== ACTION ITEM ==
Output the full listing below exactly, without the pictures.
○ ○ ○ ○ ○
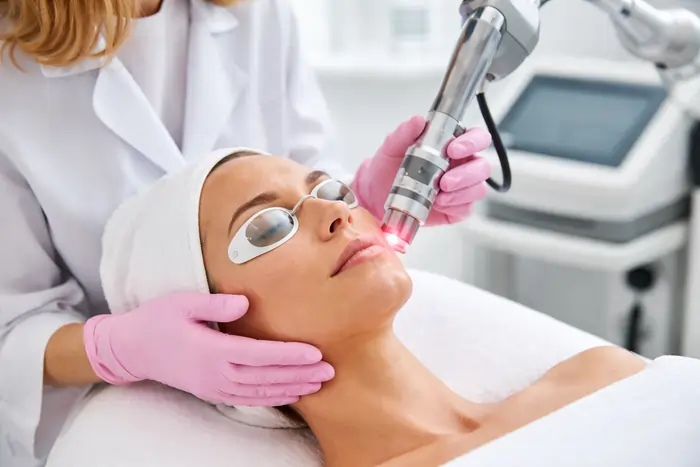Laser CO2 frazionato viso: come funziona, benefici e tempi di recupero | Laser Milano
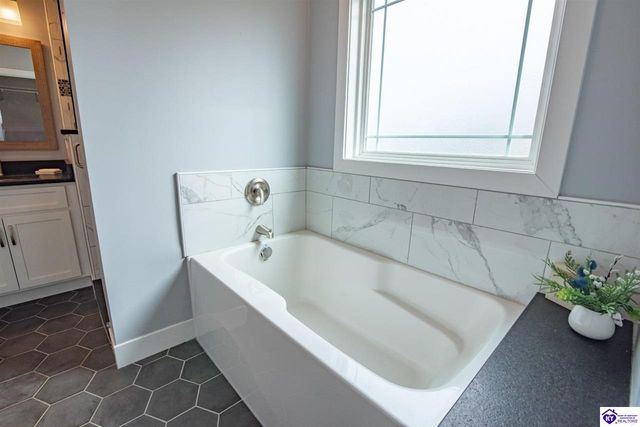 154 Sea Hero Drive, Elizabethtown, KY 42701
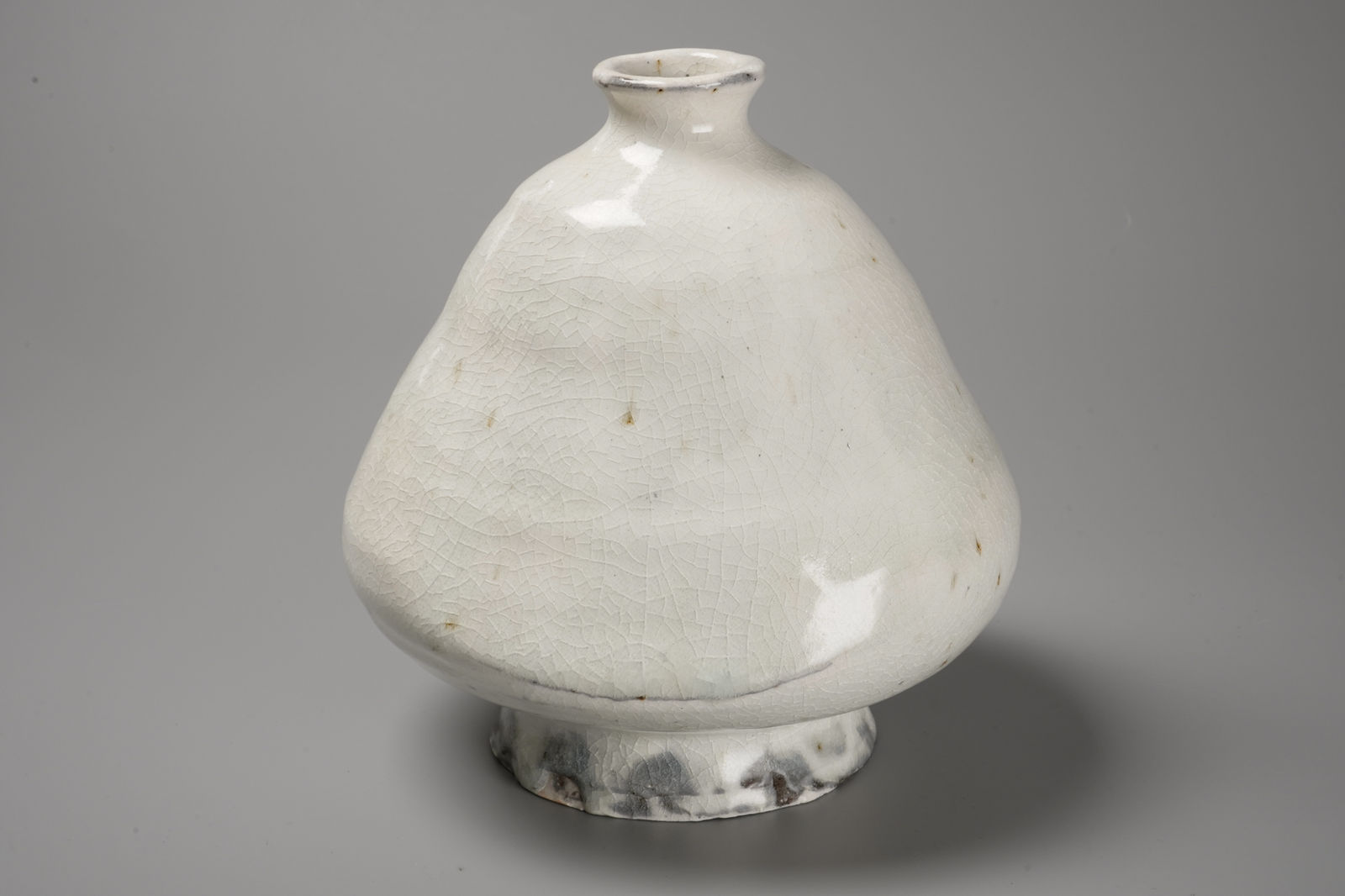 Kondo Seiko 近藤 精宏, Kohiki Jar with Transparent Glaze 粉引扁壺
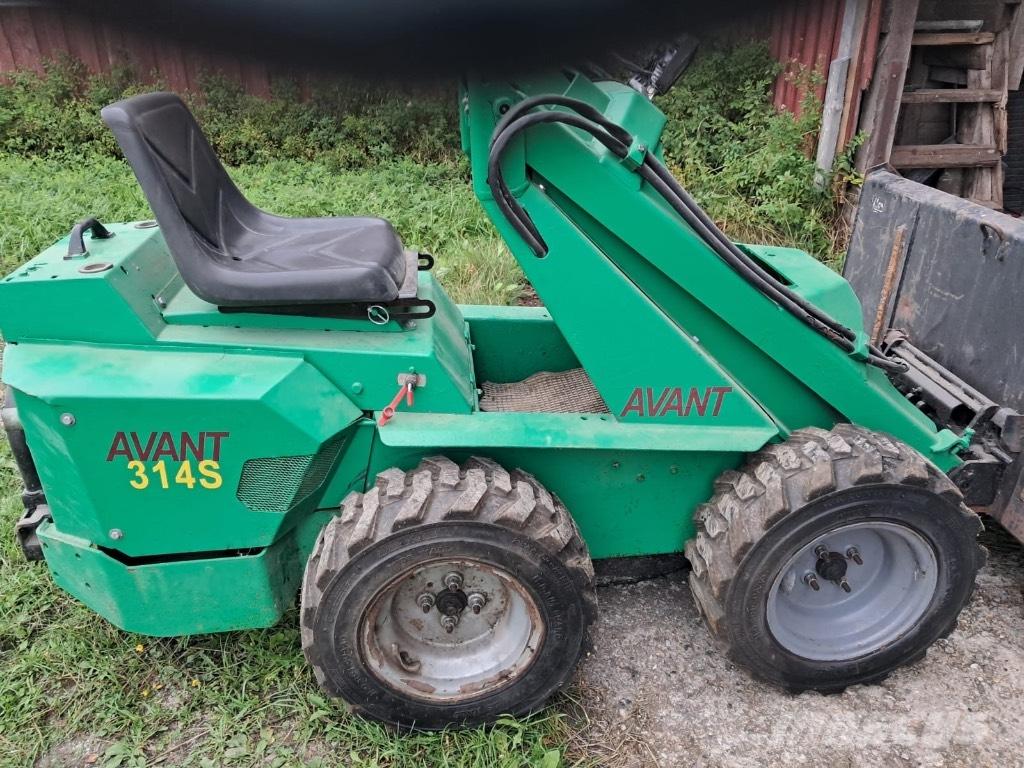 Avant 314 スキッドステアローダー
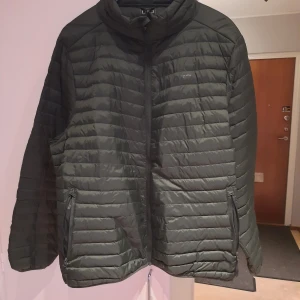 Höst jacka - Tunn höst jacka aldrig använd,i fint skick 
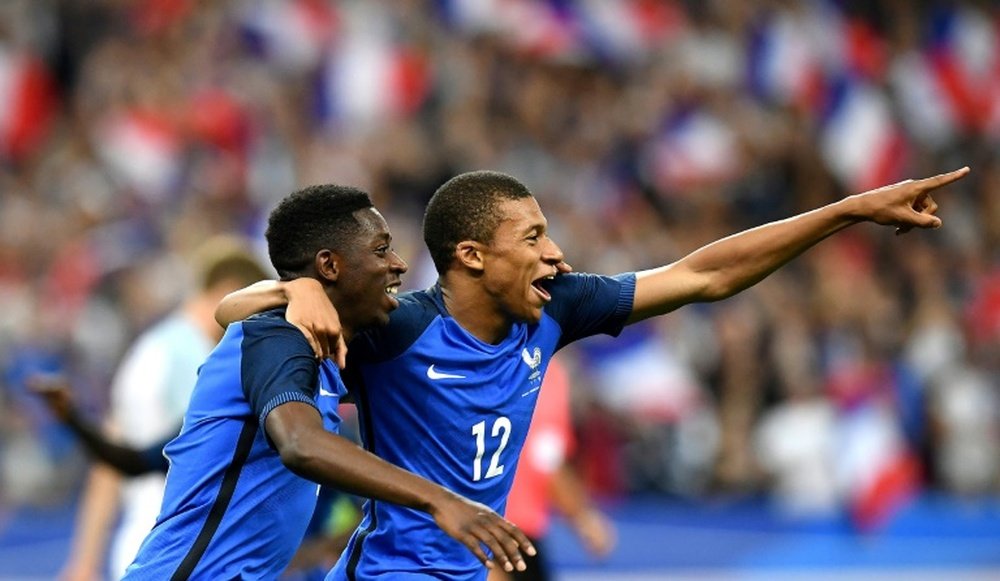 Mbappé y Dembélé hicieron diabluras juntos ante Inglaterra. AFP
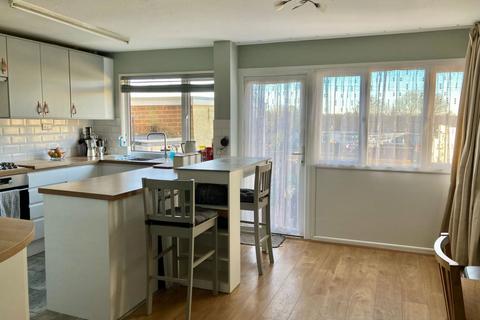 134 Admirals Way, Daventry, NN11 4LG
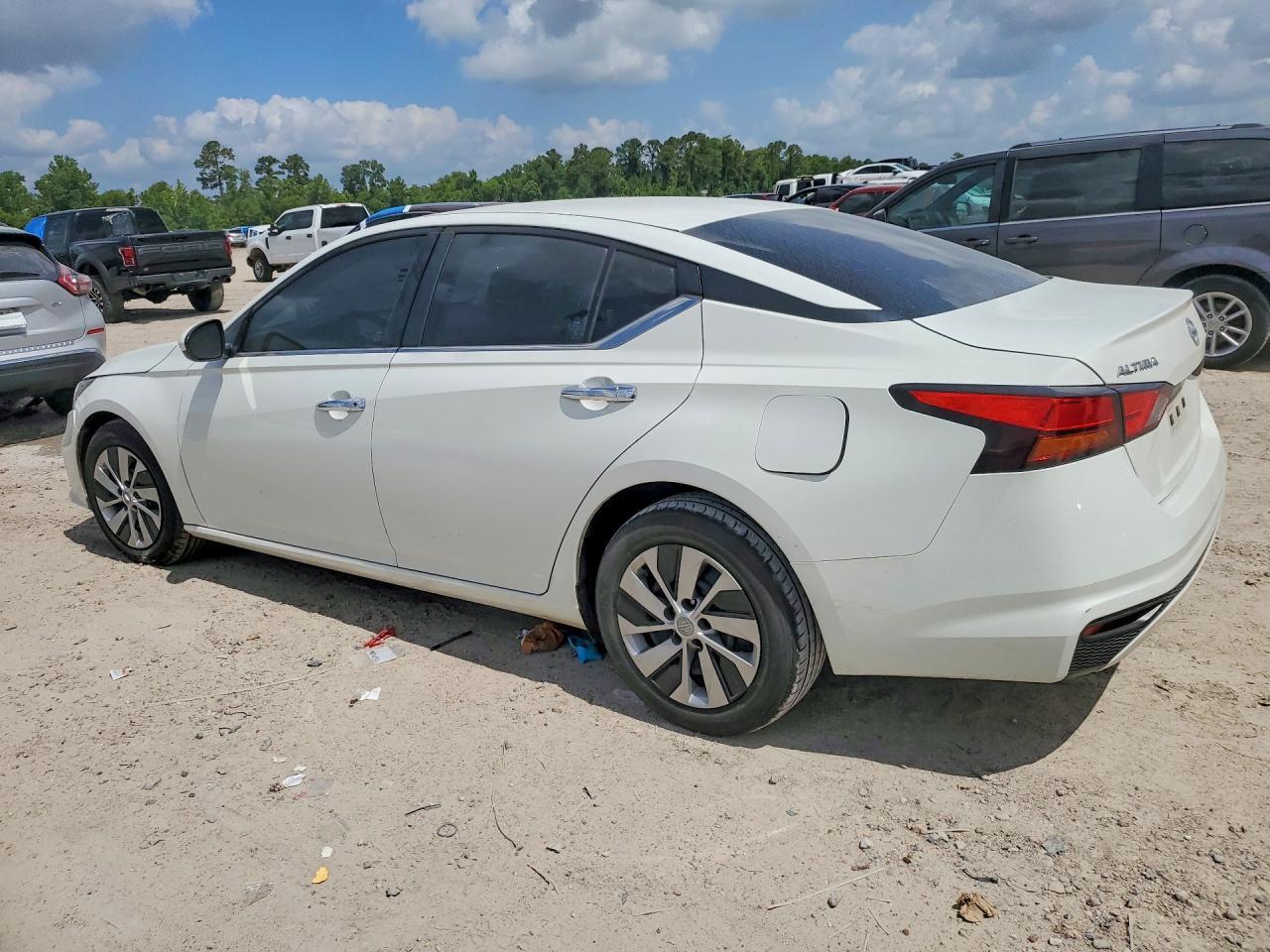 2022 Nissan Altima S - Фото 2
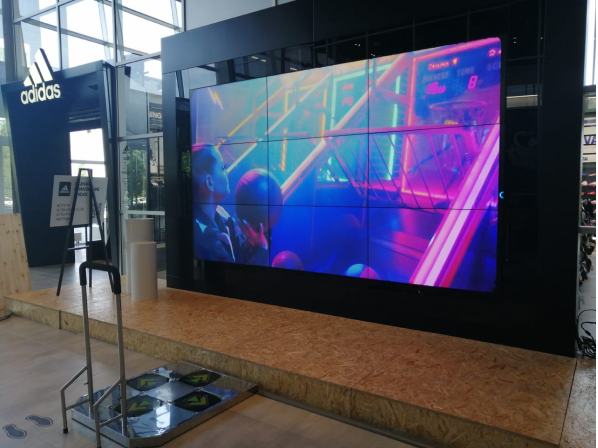 Видеостена в ТЦ для демонстрации новой рекламной кампании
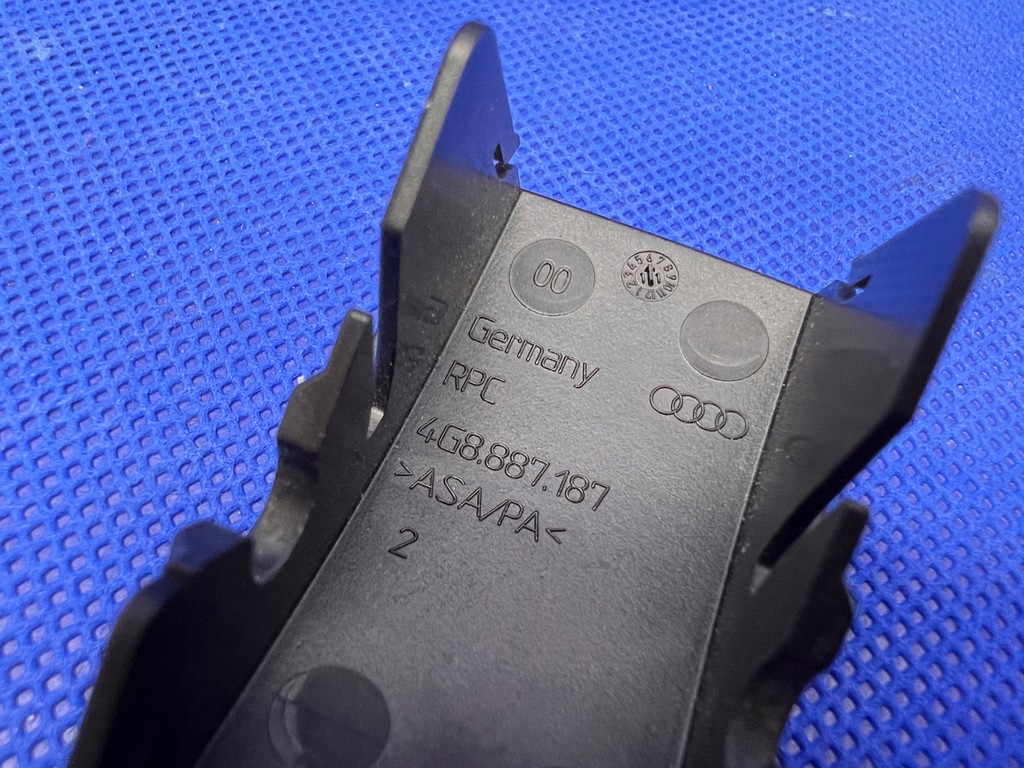 фото №5, Audi a6 a7 c7 4g захист isofix 4g8887233 4g8887187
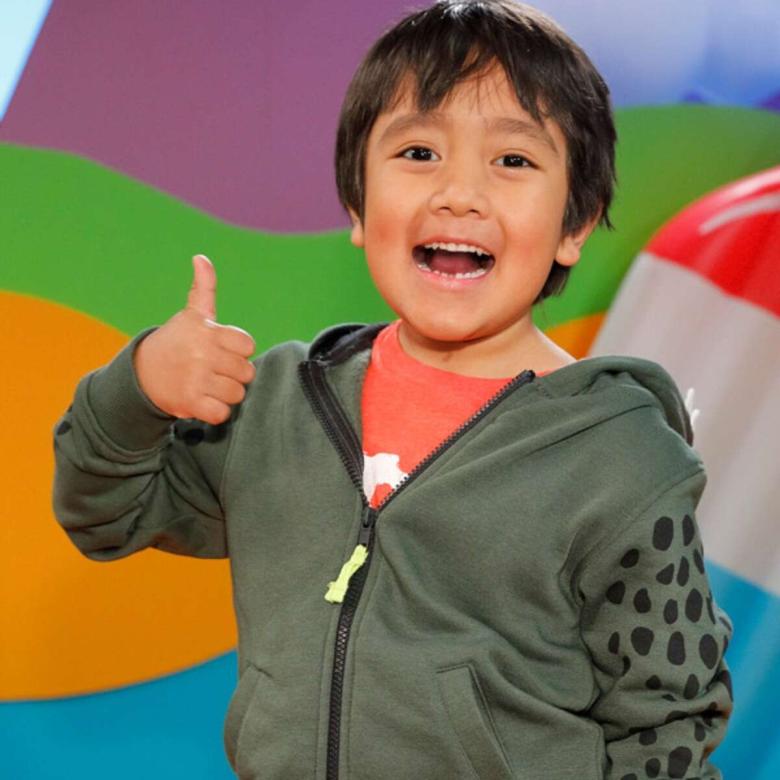 Ryan Kaji الطفل الذي حقق أعلى نسبة أرباح على يوتيوب - eonline.com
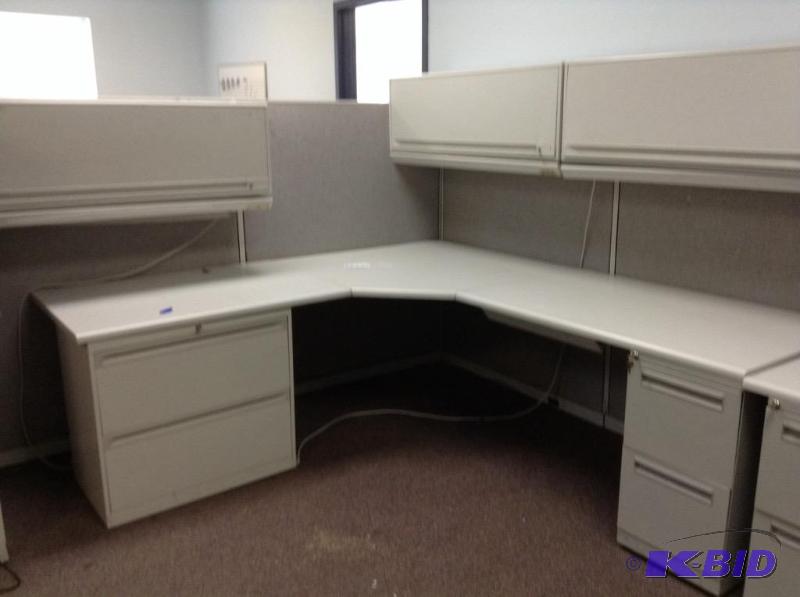 lot 122 image: Allsteel Office Systems Workstation 7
○ ○ ○ ○ ○
== EXERCISE RESPONSE ==
Laser CO2 frazionato viso: come funziona, benefici e tempi di recupero | Laser Milano
 154 Sea Hero Drive, Elizabethtown, KY 42701
 Kondo Seiko 近藤 精宏, Kohiki Jar with Transparent Glaze 粉引扁壺
 Avant 314 スキッドステアローダー
 Höst jacka - Tunn höst jacka aldrig använd,i fint skick 
 Mbappé y Dembélé hicieron diabluras juntos ante Inglaterra. AFP
 134 Admirals Way, Daventry, NN11 4LG
 2022 Nissan Altima S - Фото 2
 Видеостена в ТЦ для демонстрации новой рекламной кампании
 фото №5, Audi a6 a7 c7 4g захист isofix 4g8887233 4g8887187
 Ryan Kaji الطفل الذي حقق أعلى نسبة أرباح على يوتيوب - eonline.com
 lot 122 image: Allsteel Office Systems Workstation 7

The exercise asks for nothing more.